Top 10 Supercars drivers of 2021

Shane van Gisbergen (from left), Brodie Kostecki, Will Brown, and Chaz Mostert

With the departure of Scott McLaughlin off the back of a dominant three-year spell, the 2021 Repco Supercars Championship was perfectly poised for a change of guard.

Indeed, it was Triple Eight Race Engineering who dominated proceedings, although there were some standout performers, perhaps pointing towards what’s to come in 2022.

In this story, Speedcafe.com looks at the best performers from the 2021 season.
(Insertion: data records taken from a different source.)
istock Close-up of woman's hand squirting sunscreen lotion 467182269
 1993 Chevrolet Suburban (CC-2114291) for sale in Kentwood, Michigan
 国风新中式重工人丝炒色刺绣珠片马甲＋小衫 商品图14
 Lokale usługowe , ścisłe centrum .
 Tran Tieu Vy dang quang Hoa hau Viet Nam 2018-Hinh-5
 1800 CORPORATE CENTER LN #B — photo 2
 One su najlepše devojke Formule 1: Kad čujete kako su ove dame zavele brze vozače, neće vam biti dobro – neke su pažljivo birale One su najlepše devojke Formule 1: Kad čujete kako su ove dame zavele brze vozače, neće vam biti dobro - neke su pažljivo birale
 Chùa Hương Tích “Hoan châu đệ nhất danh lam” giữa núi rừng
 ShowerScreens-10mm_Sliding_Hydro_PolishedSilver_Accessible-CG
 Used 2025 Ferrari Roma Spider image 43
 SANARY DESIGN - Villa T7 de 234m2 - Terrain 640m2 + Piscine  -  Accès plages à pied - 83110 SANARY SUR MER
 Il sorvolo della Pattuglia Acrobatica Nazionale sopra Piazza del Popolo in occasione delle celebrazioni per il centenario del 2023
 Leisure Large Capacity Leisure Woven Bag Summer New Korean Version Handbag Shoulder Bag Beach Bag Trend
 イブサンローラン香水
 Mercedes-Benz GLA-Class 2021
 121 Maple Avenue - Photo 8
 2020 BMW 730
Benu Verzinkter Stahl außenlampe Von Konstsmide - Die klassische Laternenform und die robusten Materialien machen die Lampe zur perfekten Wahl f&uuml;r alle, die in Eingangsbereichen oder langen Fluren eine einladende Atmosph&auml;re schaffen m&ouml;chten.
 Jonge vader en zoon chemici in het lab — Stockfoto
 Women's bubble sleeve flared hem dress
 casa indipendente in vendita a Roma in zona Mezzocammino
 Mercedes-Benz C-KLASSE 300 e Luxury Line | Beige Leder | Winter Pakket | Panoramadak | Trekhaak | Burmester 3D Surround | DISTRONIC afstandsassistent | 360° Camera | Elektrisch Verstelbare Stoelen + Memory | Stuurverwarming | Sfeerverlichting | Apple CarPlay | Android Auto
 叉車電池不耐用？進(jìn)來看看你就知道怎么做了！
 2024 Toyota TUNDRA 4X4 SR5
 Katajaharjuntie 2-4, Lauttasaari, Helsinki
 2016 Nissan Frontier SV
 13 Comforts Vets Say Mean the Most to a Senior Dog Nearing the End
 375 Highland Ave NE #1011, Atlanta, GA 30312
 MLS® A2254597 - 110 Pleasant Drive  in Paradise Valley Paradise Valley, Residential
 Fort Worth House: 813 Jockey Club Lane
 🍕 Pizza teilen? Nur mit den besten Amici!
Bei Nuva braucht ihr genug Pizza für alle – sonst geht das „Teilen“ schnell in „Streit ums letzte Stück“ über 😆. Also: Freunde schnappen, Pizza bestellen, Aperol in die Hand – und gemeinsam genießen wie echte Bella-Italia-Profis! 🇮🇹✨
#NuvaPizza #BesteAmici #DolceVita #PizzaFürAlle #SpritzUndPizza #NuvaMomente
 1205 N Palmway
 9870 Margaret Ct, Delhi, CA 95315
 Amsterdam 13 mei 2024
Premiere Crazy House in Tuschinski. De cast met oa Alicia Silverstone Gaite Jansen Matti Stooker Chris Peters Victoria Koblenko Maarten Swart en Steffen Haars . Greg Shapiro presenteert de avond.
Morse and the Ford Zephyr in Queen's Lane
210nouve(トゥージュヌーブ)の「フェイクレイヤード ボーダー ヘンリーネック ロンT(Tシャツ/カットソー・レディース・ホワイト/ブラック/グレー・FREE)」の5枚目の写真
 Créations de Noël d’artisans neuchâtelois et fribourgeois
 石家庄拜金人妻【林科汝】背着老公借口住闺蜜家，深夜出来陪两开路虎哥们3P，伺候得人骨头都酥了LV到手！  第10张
Slade recorded a season-best fourth in Townsville. Picture: Mark Horsburgh

10) Tim Slade – Blanchard Racing Team
Championship finish: 12th
Highlight: 14 top 10 finishes

Tim Slade’s return to the Supercars grid couldn’t have started in much more dramatic circumstances at Mount Panorama.

A surprise front-row starter in the Blanchard Racing Team’s first race, Slade was looking at a podium from the outset. As was well documented, that didn’t transpire.

Off the back of that mammoth crash that sidelined Slade in the opening two races of the season, the #3 pilot put in solid performances week-in, week-out thereafter.

A highlight of the year was the team’s willingness to gamble on strategy, which often put the CoolDrive Auto Parts-backed entry firmly inside the top 10.

In the end, Slade would muster a commendable 12th in the drivers’ championship – a solid result considering he left The Mountain without any points to his credit.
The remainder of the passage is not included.